I finally got my printer working last week (HPLIP 3.15.4) and Ubuntu 15.04 is so quite and stable (no problem at all) that I wish to try Wily Werewolf.  Should I Upgrade via software updater or do a fresh install.?  Running Vivid alone, what should I do?.

----------


## MikeMecanic

Ubuntu 15.10 is not available via Software Updater but there is a huge patch of 150Mb if you check Pre-released updates (Vivid-proposed).  Last time I did that (Ubuntu 15.04 B2) my computer crash.  This time it didn't. and kernel is at 3.19.0.17.  So will do a fresh install later on this week to see that gipsywort again.


```
$ uname -r
3.19.0-17-generic
```

----------


## cariboo

If you want to upgrade your current install in a terminal, use the following command:



```
sudo sed -i 's/vivid/wily/g' /etc/apt/sources.list
```

then:



```
sudo apt-get update && sudo apt-get dist-upgrade
```

----------


## MikeMecanic

Thanks for the upgrade terminal commands, will try it first tonight.  Bur I already built a MKUSB stick (1.01GB):  Download the daily image (AMD64) of Ubuntu 15.10 from here: 
Built the ISO image from there (Stable Version of MKUSB):  https://help.ubuntu.com/community/mkusb/v9#Installation
When correctly built the ISO image contains 14 files, including the purple one wubi.exe and the code name is *Wily Werewolf Alpha* AMD64.

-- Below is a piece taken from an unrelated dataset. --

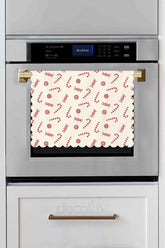 Sweet Noel – Kırmızı Şekerli Lazer Kesim Fırın Örtüsü - 43x55cm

*Made an error, the link for the daily image of Ubuntu 15.10 is not the good one (I erase it).   This is the one: http://cdimage.ubuntu.com/daily-live/20150511/*
Thanks to:  Mateusz Stachowski

Regards,

----------


## cariboo

> the code name is *Wily Werewolf Alpha* AMD64.
> 
> Regards,


That should be pre-alpha  :Smile:

----------


## sudodus

I tested live and made fresh installs from the Lubuntu desktop and alternate iso files. I flashed the iso files to USB with mkusb. The basic things work as they should (but I found an issue with cryptswap in the test-case Alternate Install (Encryption), which is a regression since Vivid).

_Edit_: cryptswap works again in the current daily build  :Smile:

----------


## Mateusz Stachowski

> Thanks for the upgrade terminal commands, will try it first tonight.  Bur I already built a MKUSB stick (1.01GB):  Download the daily image (AMD64) of Ubuntu 15.10 from here: http://cdimage.ubuntu.com/ubuntu-des...-live/current/
> Built the ISO image from there (Stable Version of MKUSB):  https://help.ubuntu.com/community/mkusb/v9#Installation
> When correctly built the ISO image contains 14 files, including the purple one wubi.exe and the code name is *Wily Werewolf Alpha* AMD64.
> 
> Regards,


You downloaded Ubuntu Desktop Next this flavour has Unity 8 and Mir. Currently it isn't usable on desktop so don't install that.

The regular Ubuntu with Unity 7 is here:

http://cdimage.ubuntu.com/daily-live/current/

but that still has only Vivid images. In pending there are Wily images:

http://cdimage.ubuntu.com/daily-live/pending/

----------


## sammiev

Hi Mike,

Hope you are using 15.10 for testing and not as your main OS.

Breakage will happen over the cycle.

----------


## grahammechanical

If you want my opinion, I would not run any development release as the only version of Ubuntu on my system. If 15.04 is working fine for you and you want to try out the future 15.10, then dual boot with it. I have found that the development version has been very stable for the last few cycles but that does not mean that we may not need to re-install to clear away something that is broken.

To give an example. On one of my vivid installs the switch over to systemd gave an unacceptably long loading time. I was not interested in tracking the problem down so, I re-installed.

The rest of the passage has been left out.